Philipe has answered, but I will expand on 2.
This is not an example of さえ ＋ Verb‐ば, here さえ is being used to add some extra nuance to 生きて. The ーて form of verbs and adjectives can be freely followed by the various markers は, も, さえ, など, なんか, ばかり, でも, しか, こそ, のみ, すら to add focus, restriction, emphasis etc. Some examples:
あなたのご親切に頼ってしか生きていけない Only by relying on your kindness can I live on.
法は大多数の人に守られてこそ法の価値がある Law has its value precisely because it is upheld by the majority of people.
それだけの金をかけてまでなぜ難工事のトンネルを掘らねばならないのか Why is it that they have to go to the extent of spending so much money to build a difficult-to-engineer tunnel?
Some examples with ーている:
運動しないで寝てばかりいた身には風呂は応えた His body, having done nothing but lie around without exercise, felt the effect of the hot bath.
起きてだけはいますがまだ歩けません I am on my feet, at least, but I still can't walk.

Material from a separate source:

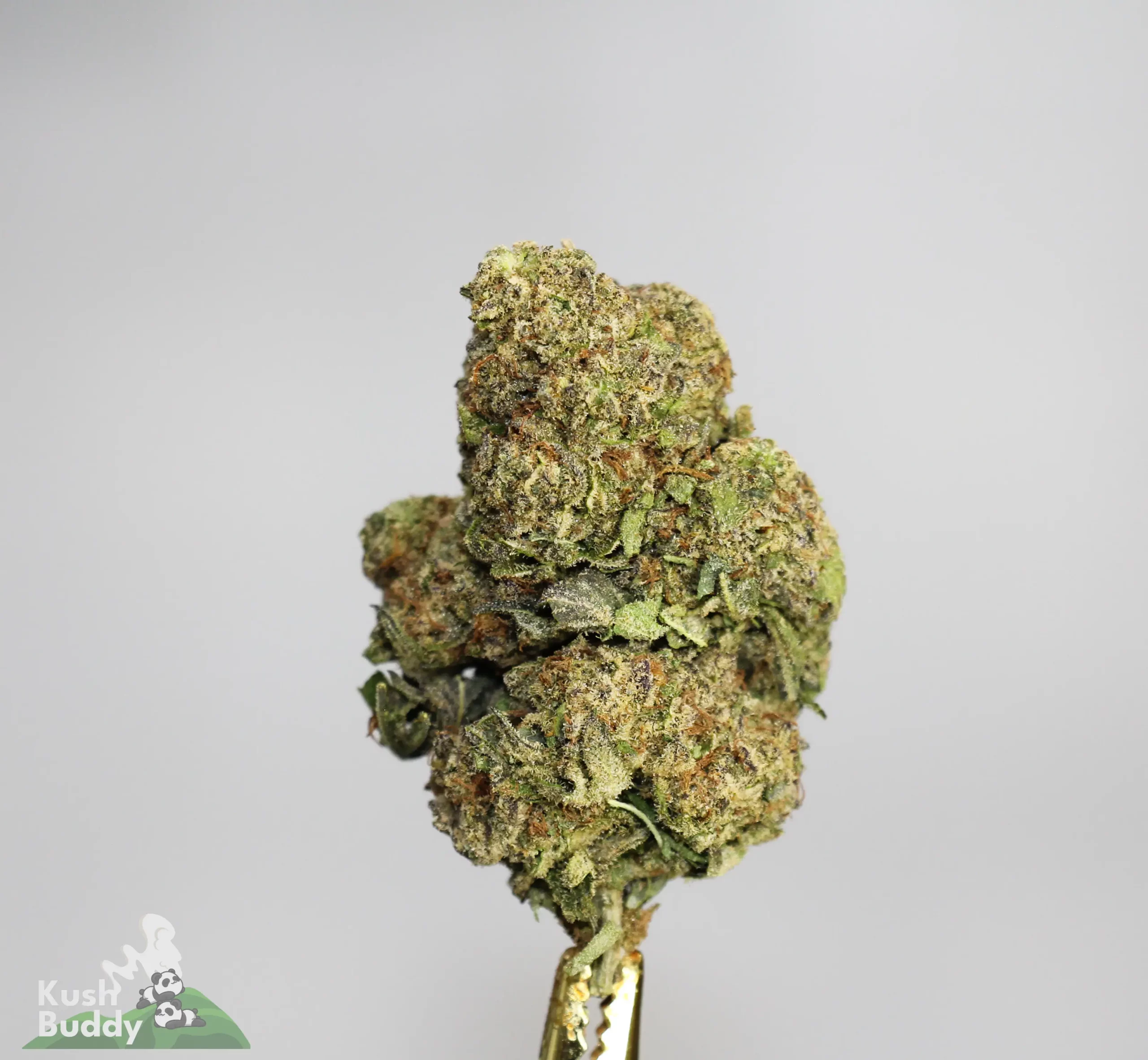 (AAA-) Forum Cut Cookies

As discussed elsewhere (here), one meaning of さえ is 'only, just', so the quoted sentence in your example sentence means
'if you [do me the favour of] only/just staying alive/continuing to live'
In the ーたらと思っていた construction, いい has been elided after ーたら, ーたらいい
being a common way to express a hope or wish, 'I wished/hoped that you would keep living/stay alive for me...'.